The Brazilian Air Force (FAB) announced that it has received the second batch of Meteor missiles, which will be installed on the four F-39E Gripen multi-role fighters it received from Swiss aircraft manufacturer Saab Aeronautics last month. The new batch was delivered as part of a deal for 900 million Brazilian Reals (roughly 200 million Euros) signed in 2019 between the Brazilian air force and the European company MBDA for the supply of 100 Meteor air-to-air missiles.
The initial batch of the Meteor missile, consisting of multiple units, was purchased for the development of the aircraft, according to the Brazilian Air Force. The first batch was most likely delivered after the first Gripen aircraft was delivered to Brazil in 2019 to begin the flight testing program.

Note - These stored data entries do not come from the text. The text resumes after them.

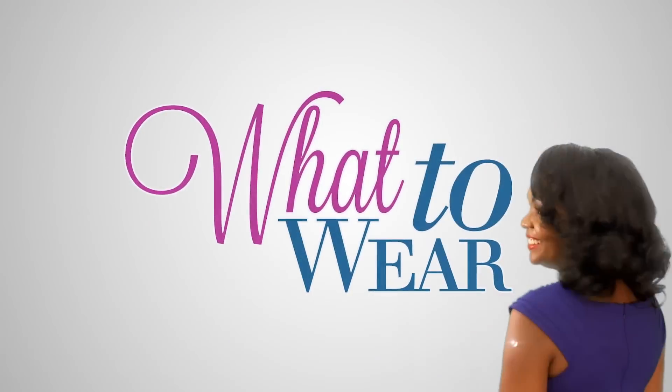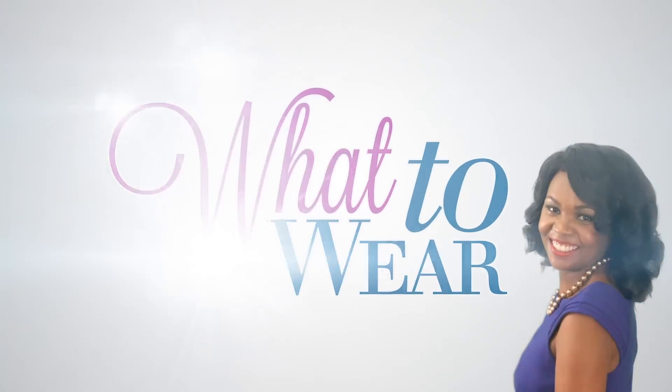Smart Casual are words that can send a chill even to the most seasoned of stylists. Stay with me as I show you how to look absolutely fabulous. Hi, I am Wanja Knighton and welcome to What to Wear. Our look this week is Smart Casual.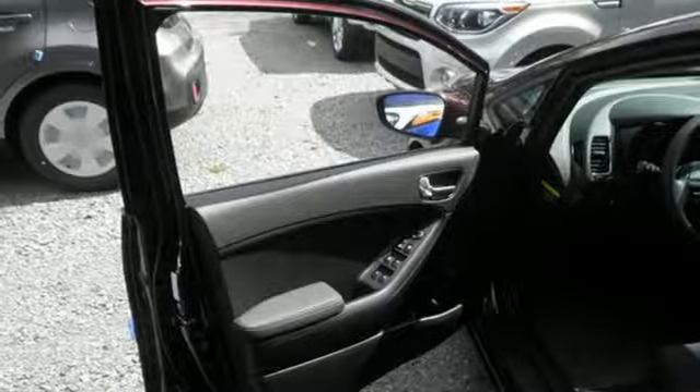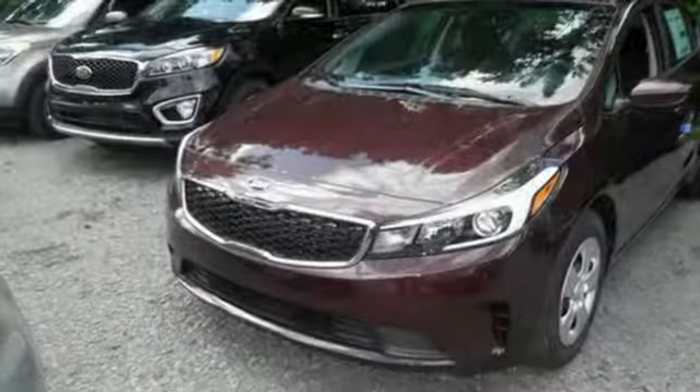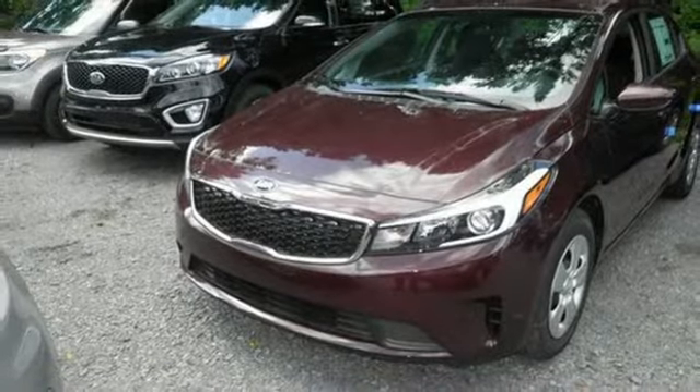This is the Kia with more — more space, more efficiency, and more fun. See it today.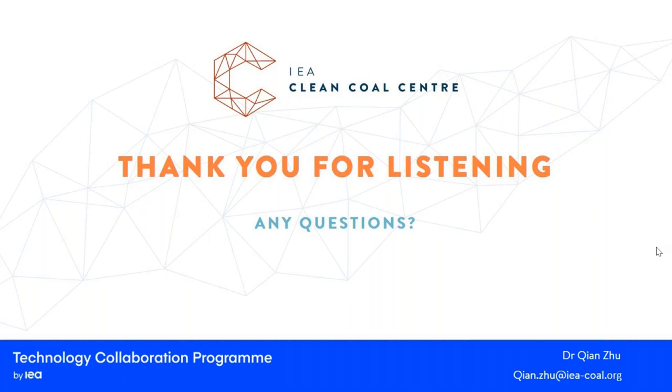Now let's see if we have any questions. Yes, we do have quite a few. The presentation recording will be available, and it's also available on YouTube, so you can watch it at any time.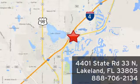It's time for a test drive today. At Jenkins Nissan, honesty is our policy. We're conveniently located at 4401 State Route 33 North in Lakeland, Florida.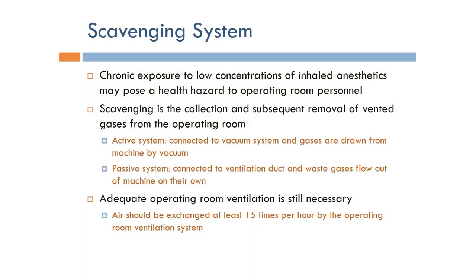A very important part of the anesthesia machine, which is unique to anesthesia machines only, is the scavenging system. The main motivation for having a scavenging system is that the chronic exposure to low concentrations of inhaled anesthetics may pose a health hazard to operating room personnel. So we cannot really let the mixture of gases delivered to the patient be present in the operating room.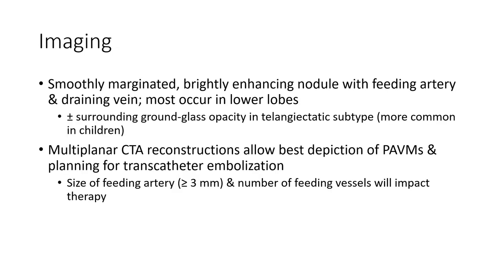Imaging characteristics: smoothly marginated, lobulated, enhancing nodule with a feeding artery and draining vein. May show low attenuation, with possible surrounding ground-glass opacity. Sometimes more common in children.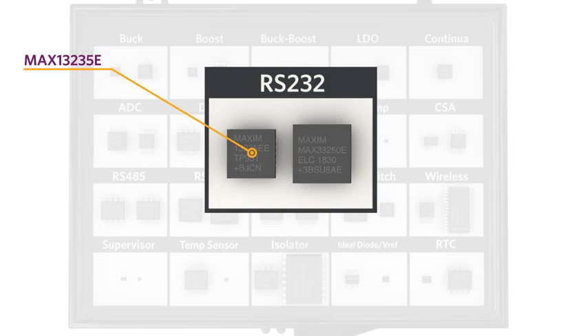The high-speed MAX13235E is a 3 megabit per second RS232 transceiver in a 2 transmitter 2 receiver, or 2x2, configuration that operates from either a 3.3 volt or 5 volt supply.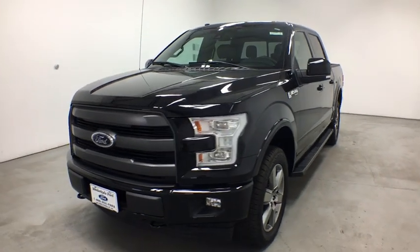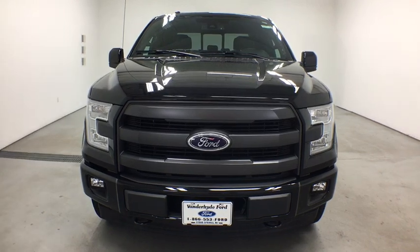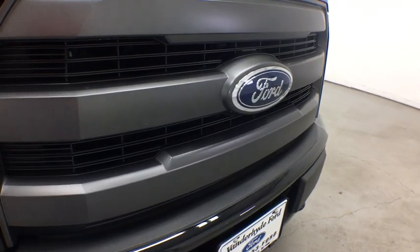The 2017 Ford F-150. A Ford F-150 knows how to handle any situation. It's built to follow orders. No whining.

Flight activities in Brazil began in mid-2020, and included testing of the aircraft in tropical climates and weapons integration, as well as flight and environmental control system testing. Brazil has bought only a few Meteor missiles, as most jet missile launches are now conducted in simulated and virtual environments, with the software reporting the actual probability of hitting the target. As a result, the news of the first batch’s delivery was not reported in the press.
According to a statement released by the Brazilian Air Force, the second batch of Meteor missiles can provide pilots with unquestionable air superiority in defense of national interests, improving the possibilities of avoiding close combat with enemy aircraft. The Meteor missile, according to the Air Force, will be a “unprecedented game changer,” and a “major milestone” for Brazilian national air power.

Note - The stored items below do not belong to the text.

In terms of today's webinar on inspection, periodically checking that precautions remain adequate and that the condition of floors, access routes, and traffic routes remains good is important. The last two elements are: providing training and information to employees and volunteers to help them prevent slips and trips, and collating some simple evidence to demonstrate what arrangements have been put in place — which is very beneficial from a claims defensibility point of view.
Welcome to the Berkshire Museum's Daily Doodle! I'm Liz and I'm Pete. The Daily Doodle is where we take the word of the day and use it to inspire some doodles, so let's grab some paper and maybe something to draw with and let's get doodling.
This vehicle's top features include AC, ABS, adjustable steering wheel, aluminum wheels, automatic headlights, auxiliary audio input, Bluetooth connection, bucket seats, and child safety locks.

The Meteor missile, manufactured by the European firm MBDA under the leadership of the United Kingdom and in collaboration with six European countries, is the newest weapon to be utilized by FAB. Meteor is a next-generation, active radar-guided, beyond-visual-range air-to-air missile (BVRAAM). Meteor is more of an air-to-air cruise missile than a conventional guided air-to-air rocket. Instead of a conventional rocket engine, it is propelled by a solid-fuel, variable-flow channel rocket (also known as a ramjet).

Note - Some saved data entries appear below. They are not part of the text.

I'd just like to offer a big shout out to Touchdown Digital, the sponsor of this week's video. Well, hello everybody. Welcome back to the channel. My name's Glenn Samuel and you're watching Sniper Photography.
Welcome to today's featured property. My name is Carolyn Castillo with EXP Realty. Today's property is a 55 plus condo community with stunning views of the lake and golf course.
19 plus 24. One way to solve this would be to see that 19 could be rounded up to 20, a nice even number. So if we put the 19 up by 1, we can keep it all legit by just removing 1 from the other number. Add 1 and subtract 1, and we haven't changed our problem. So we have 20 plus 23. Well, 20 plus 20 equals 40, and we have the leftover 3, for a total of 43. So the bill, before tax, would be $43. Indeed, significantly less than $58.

According to the information given by MBDA, the Meteor missile is a weapon system capable of propulsion until it reaches the target, thanks to the ramjet propulsion system. The missile’s speed loss in the air is mitigated. Furthermore, because the missile maintains thrust until it reaches the target and the speed loss is minimal, the energy loss in terms of the missile’s maneuverability is minimized.
The solid-fuel ramjet engine propels the missile faster than Mach 4 and delivers thrust and mid-course acceleration to intercept the target. Another advantage of the missile is that, despite the advancements, it is not a large missile. With a length of 3.7 meters and a mass of 190 kilograms, it can fit under the wing of most modern combat aircraft, and its range surpasses 100 kilometers.
The weapon also has data link communication capabilities. Meteor is designed to fulfill the needs of a network-centric environment and can be controlled using third-party data, giving the Meteor user – the pilot – the most adaptable weapon system available.
Over the last decade, Brazil has grown into a regional military and economic power, with the region’s largest defense budget, the world’s eleventh defense expenditure, and nearly 60% of South American GDP in 2017. Brazil will have the most capable Air Force in Latin America in terms of air-to-air missions in a few years, with the F-39E Gripen delivered as part of an order for 36 aircraft equipped with the latest missiles and further deliveries on the way.